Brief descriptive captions

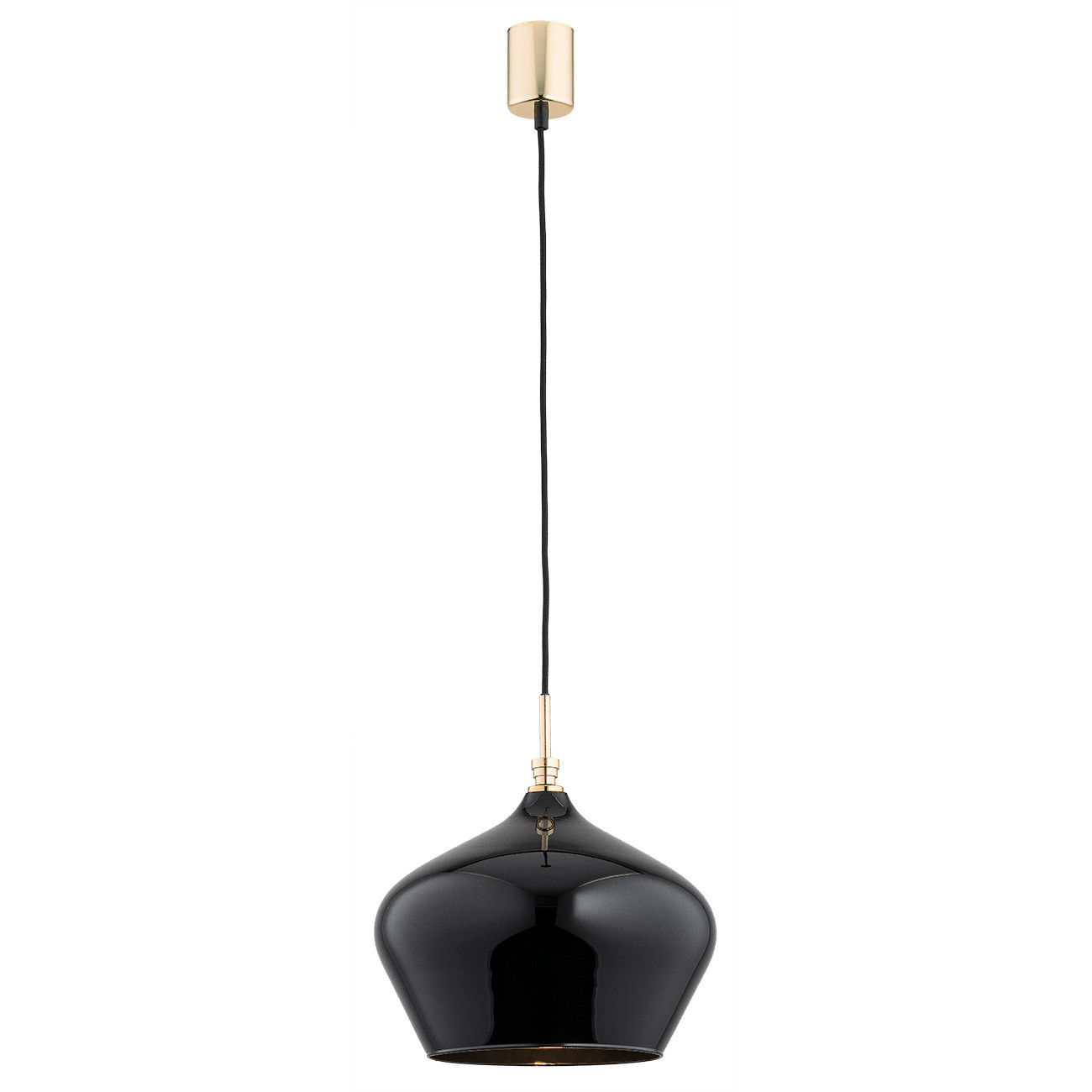 Moderne hængelampe sort glas IRUN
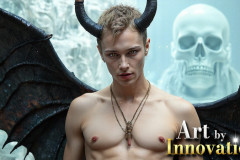 Hot & Sexy Male Succubus Demon,Deep within the ruins of Hell.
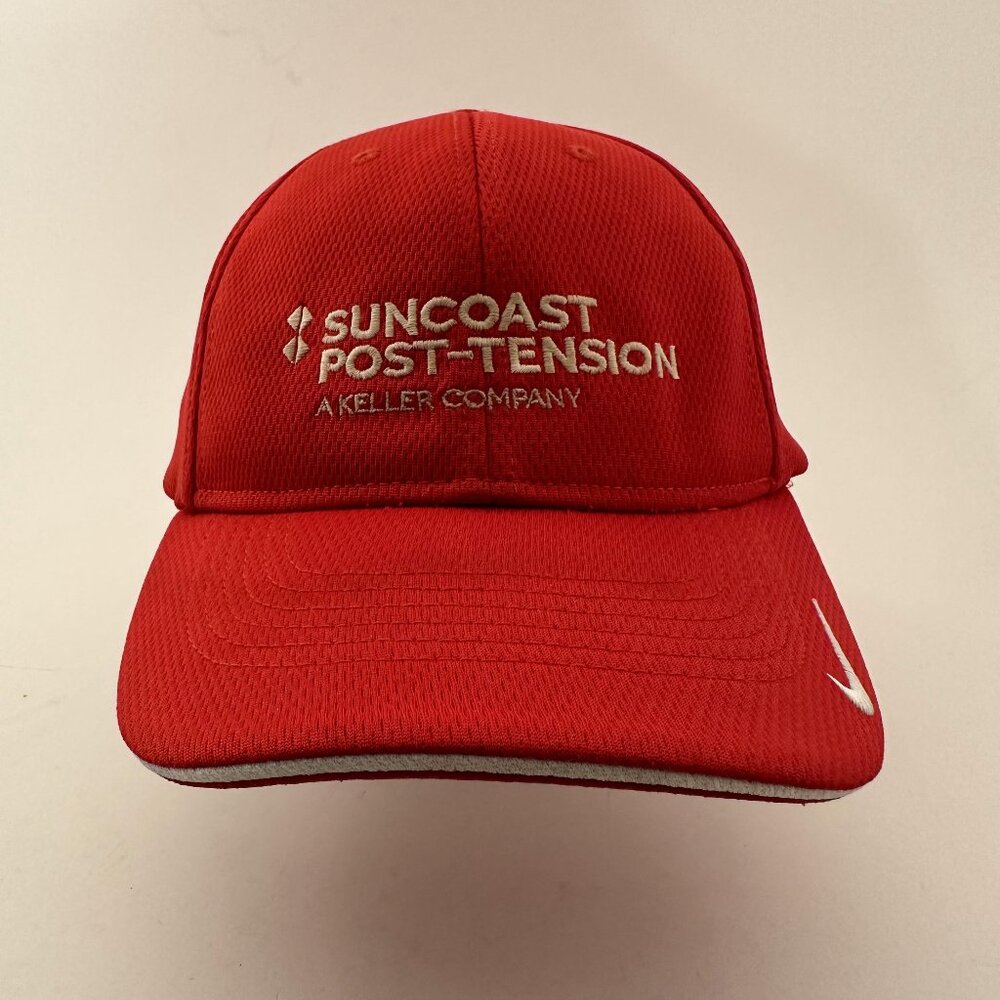 Suncoast Post-Tension A Keller Company Baseball Cap Nike Golf Fitted Hat M / L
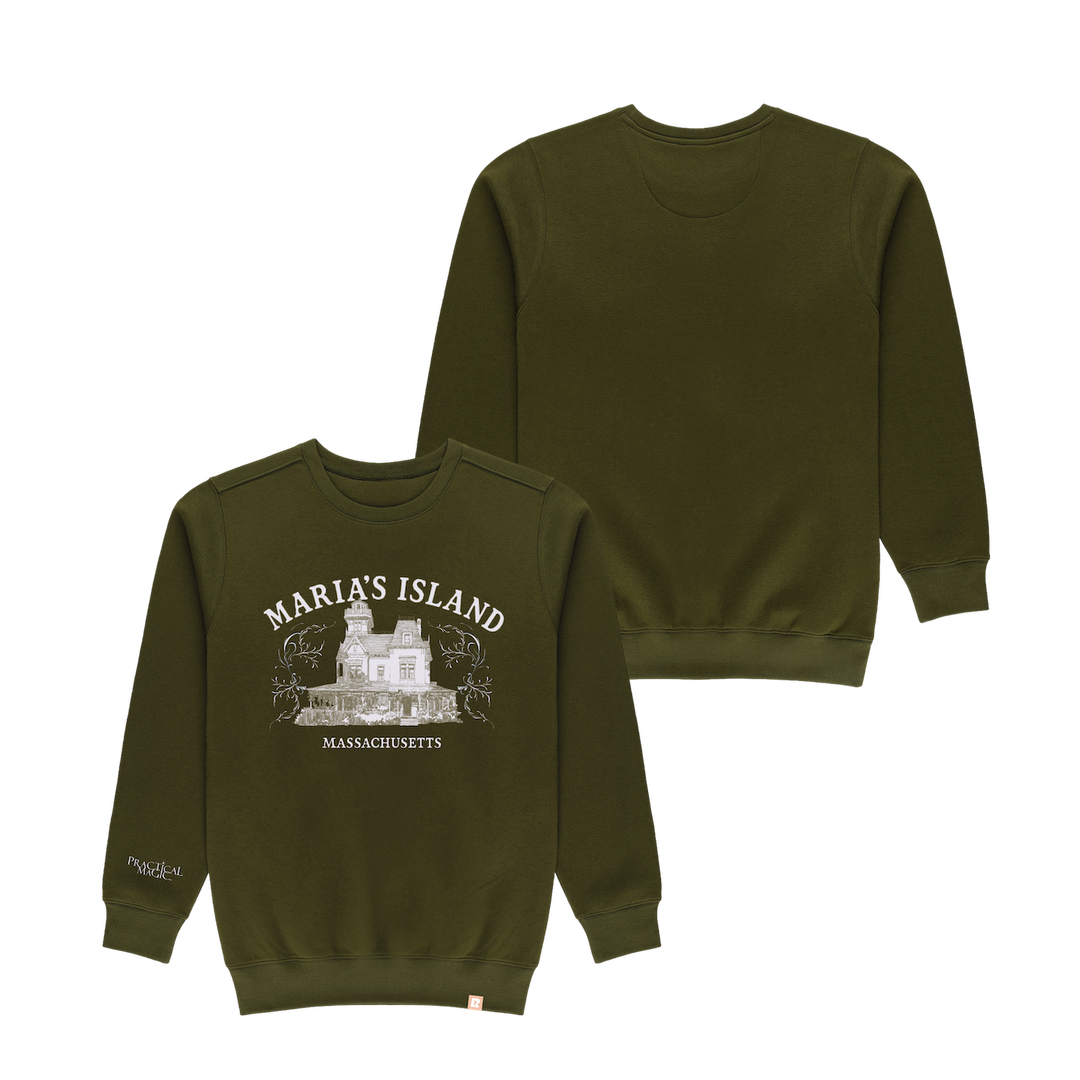 Practical Magic Maria's Island Crewneck - Olive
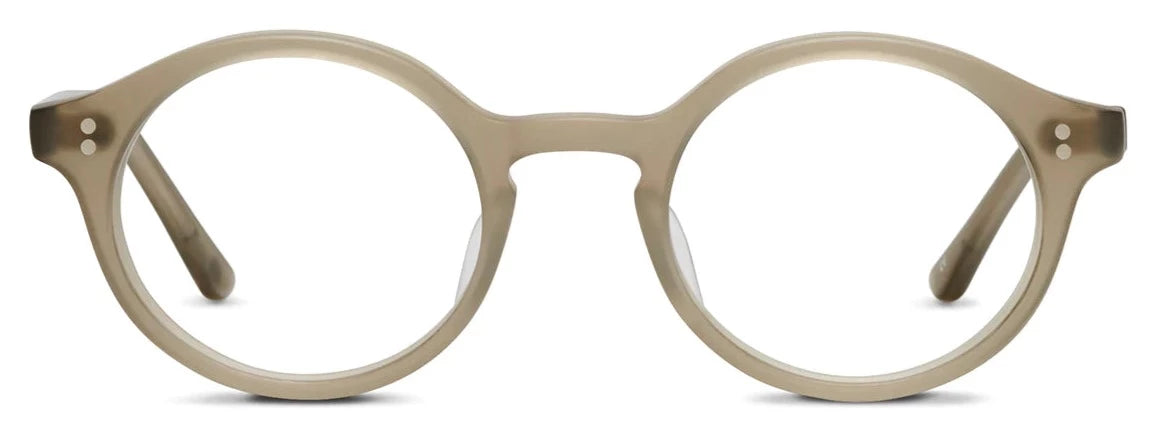 Alexander Daas - SALT Optics Lewis 45 Eyeglasses - Matte Tea - Front View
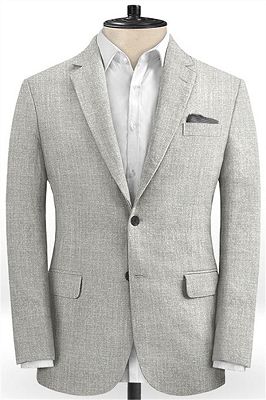 Silver Summer Beach Groom Men Suits | Fashion Two Pieces Tuxedo Online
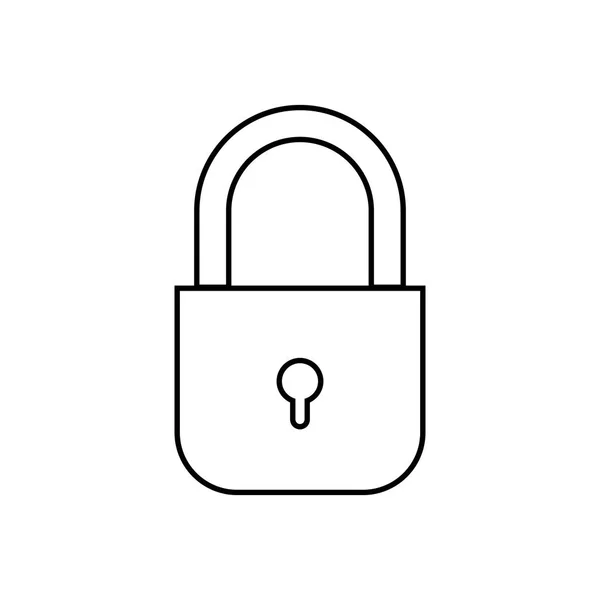 Sécurité cadenas icône isolée — Image vectorielle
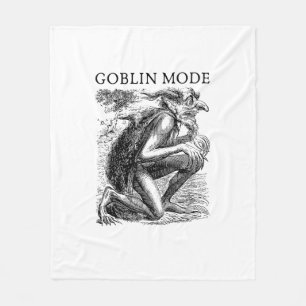 Goblin-Modus Goblincore Vintage-Ästhetik Lustig Au Fleecedecke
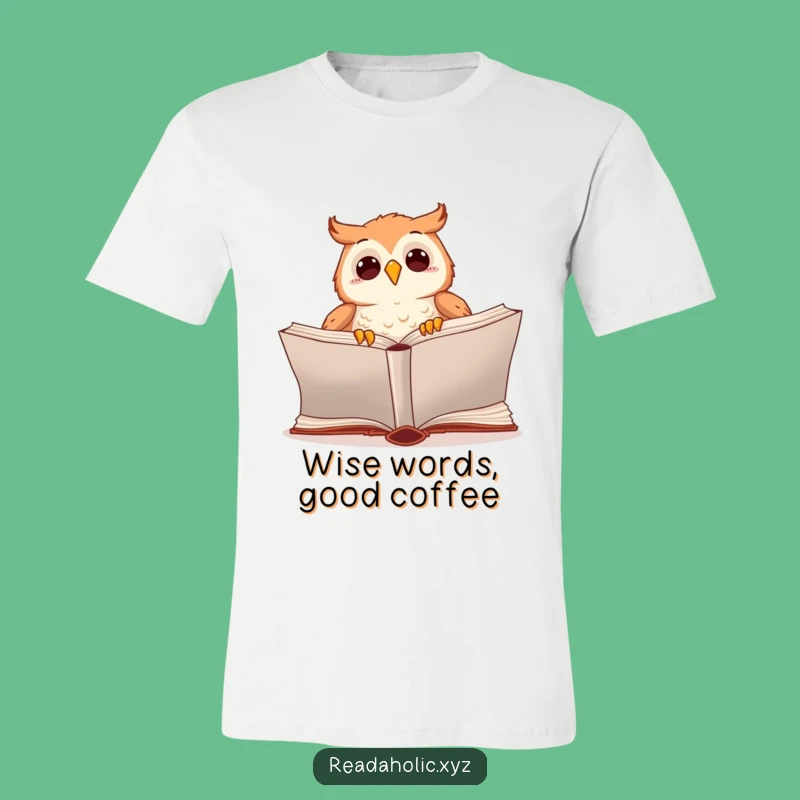 Funny Kawaii Owl Reading T-Shirt: Wear Your Love for Books with Humor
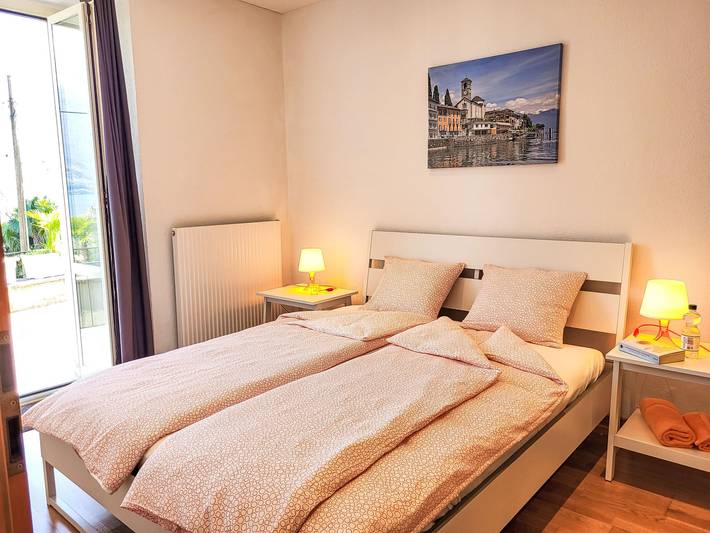 Ferienwohnung für 3 Personen, mit Terrasse und Seeblick sowie Ausblick in Brissago - 4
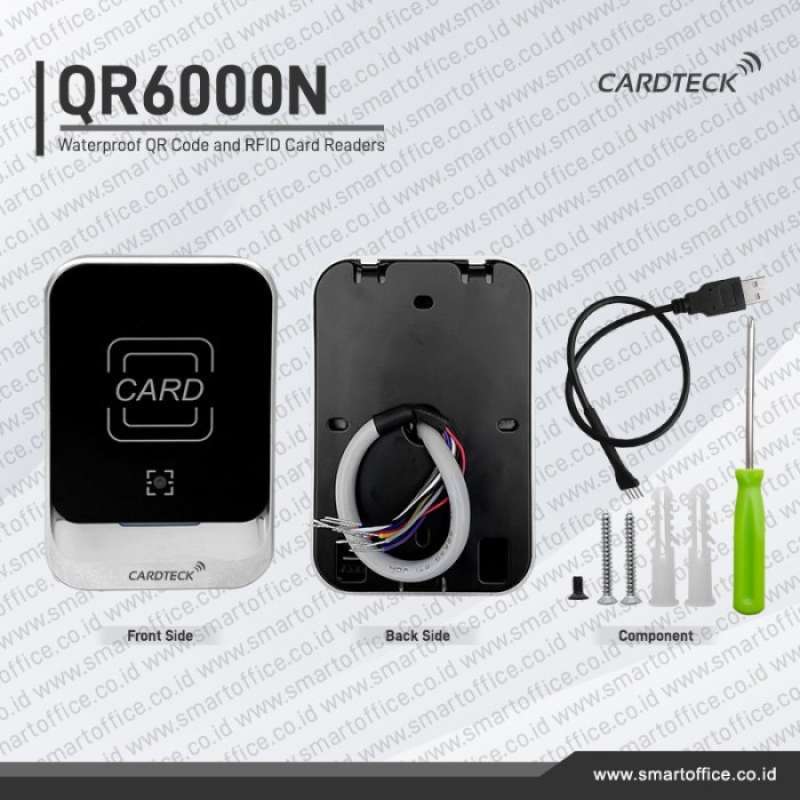 Jual Mini Qr Code Nfc Rfid Reader Waterproof Wiegand Rs485 Cardteck ...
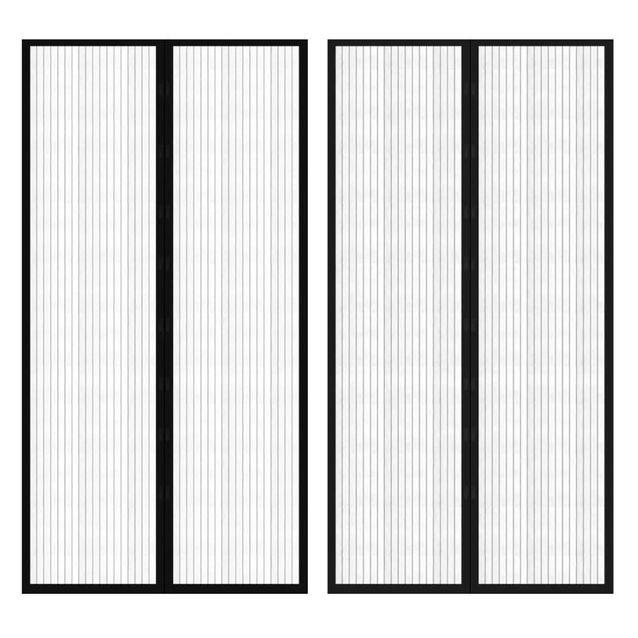 Hyttysverho Oveen 210 x 100 cm 2 kpl Magneeteilla Musta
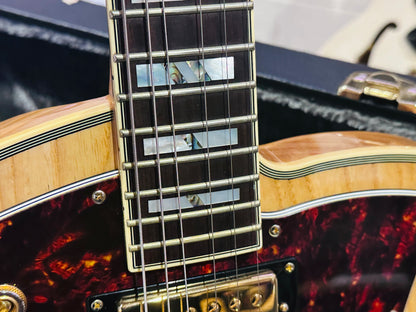 🌟MINT🌟 D'Angelico Ludlow Deluxe~ Swamp Ash Natural~2018~ Hard Case~MUST SEE 🌟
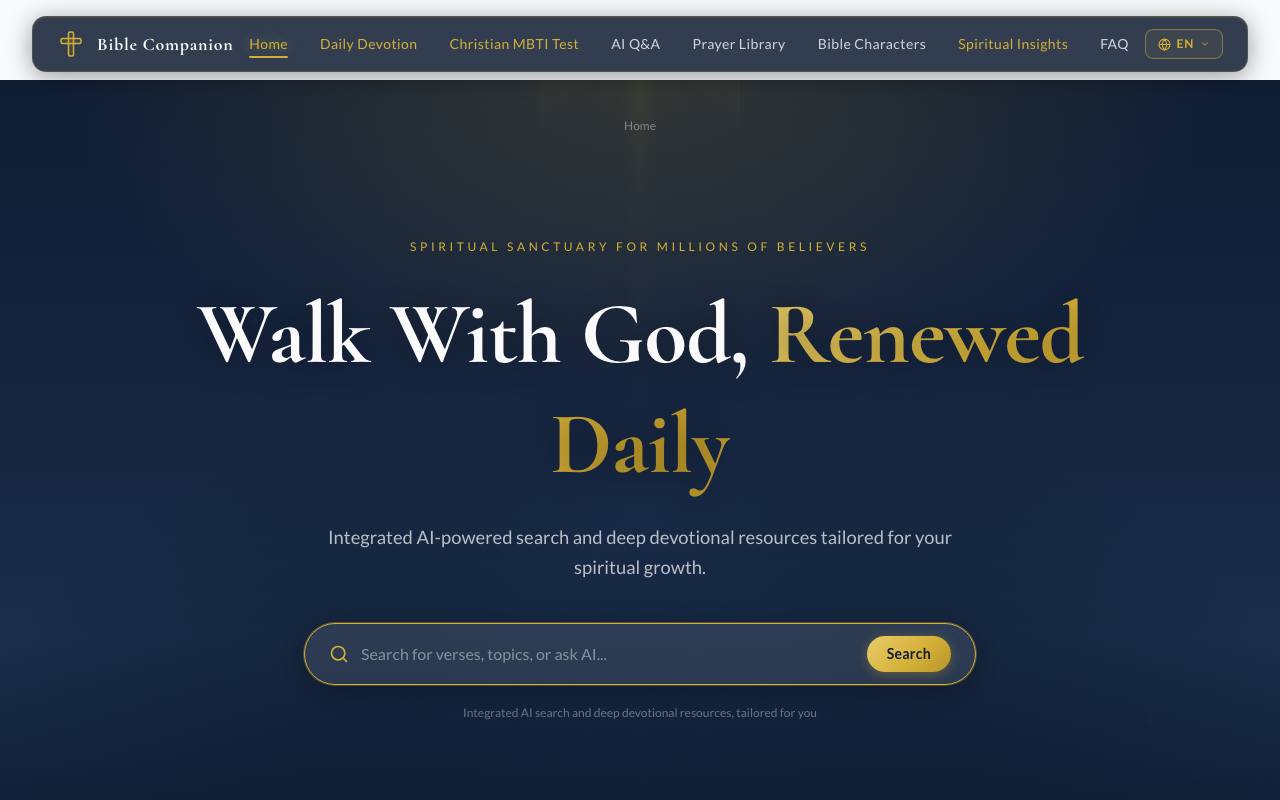 Bible Companion screenshot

Task goal:
Counting the line with "Case~MUST SEE 🌟" and the last line of the data above, transcribe those two lines and every line between them exactly, without the pictures.

Task response:
 🌟MINT🌟 D'Angelico Ludlow Deluxe~ Swamp Ash Natural~2018~ Hard Case~MUST SEE 🌟
 Bible Companion screenshot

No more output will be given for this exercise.